So, we ask him, “What did you tell her?” And he says, I told her this, “These people have come from America to our country. They've come to see our country. Are you going to tell them that a ticket that is good in Madrid, that is good in Rome, that is good in Paris, is no good here? The great conflict is over. We are one world now. We are all of us, brothers.” Thank you.
[cheers and applause]
Catherine: [00:34:47] That was Nathan Englander. Nathan is the author of the story collections What We Talk About When We Talk About Anne Frank and For the Relief of Unbearable Urges.
When we come back, we'll hear from a documentary filmmaker struggling with how to capture the experience of domestic violence victims, who are too afraid of their abusers to be filmed.
[Maygar Sisters by Tom McDermott + Evan Christopher]
Jay: [00:35:28] The Moth Radio Hour is produced by Atlantic Public Media in Woods Hole, Massachusetts. And presented by PRX.
Catherine: [00:35:41] This is The Moth Radio Hour from PRX. I'm Catherine Burns from The Moth.
Our last story is from filmmaker Ellie Lee. Back in the 1990s, Ellie worked in the trenches of the independent film world. She told me the story you're about to hear as we stood outside at 3 o'clock in the morning on a freezing cold night, waiting for the crew to make a lighting change on set. I never forgot it, and years later asked her to tell it at a Moth show in Grand Rapids produced with Michigan Public Radio. Here's Ellie Lee, live at The Moth.
[applause]
Ellie: [00:36:17] When I was in college, like most people in college, I had no idea what I was doing and I had no idea what I was supposed to study and what I was supposed to do with my life. So, coming as a child of an immigrant, actually as an immigrant myself, my family was rather poor when we were growing up, so we wanted to be practical. I felt this overwhelming need to study math and physics and computer science, which I did. But I never told my mom that my real passion was animation.
I loved animating. I just discovered it in college. And to try to keep me grounded, as I was studying all these things, I also did a lot of volunteer work at the local homeless shelter in the greater Boston area. And I loved it. I loved also being there every night and just seeing these familiar faces. Year after year, I would see a lot of the same people, unfortunately, the same men and women. And over time, I got to become really close with a lot of the women there, and I'd also noticed a pattern emerge where they were all involved in very abusive relationships with other homeless men.

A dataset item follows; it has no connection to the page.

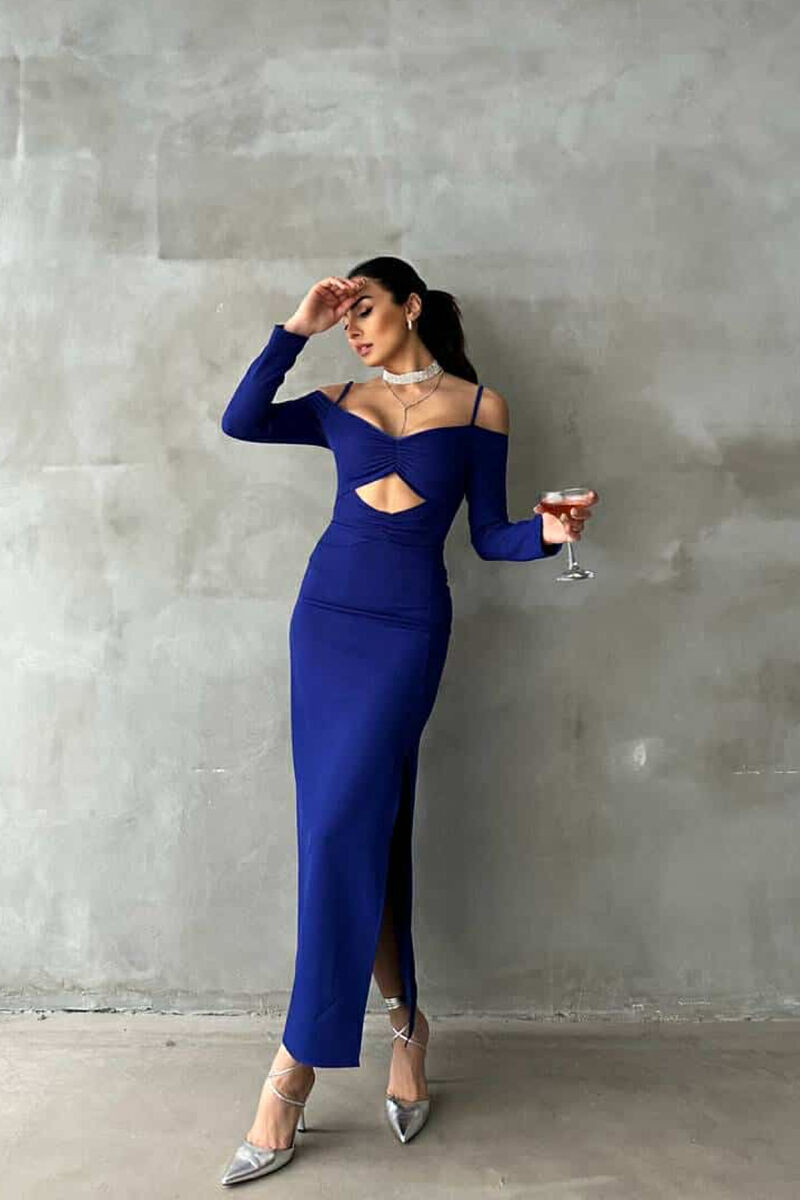 LONG SLEEVE LONG WOMAN DRESS BLUE/BLU - 1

Late at night, as they started seeing me more often and they started trusting me more, over the years, they started confiding these stories about how they had all been abused as young girls, either physically or sexually, and usually by people that they trusted. It was a family member or friend of the family. Years later, I found studies that estimated that in the Boston area, 86% of all homeless women had these kinds of histories. I remember thinking at the time like, why isn't this being addressed in training. When I go to other shelters, like why isn't this something that's even raised? It was back in the late 1980s, early 1990s.
It's hard to imagine now, but back then, the idea of domestic violence was a fairly new term. It was a fairly new phenomenon to a lot of people. And it had existed for a long time, but never in the public eye. It was always something that happened with great deal of shame behind closed doors. There was this movement to raise awareness about this issue that affected every person, regardless of socioeconomic status. I remember thinking that if a film or something existed that could help in training at the shelters or even for the police department, when they saw a situation on the streets, they would know how to approach a woman. I decided as an undergraduate, well, that's what I'm going to do. I'm going to make a documentary film about it.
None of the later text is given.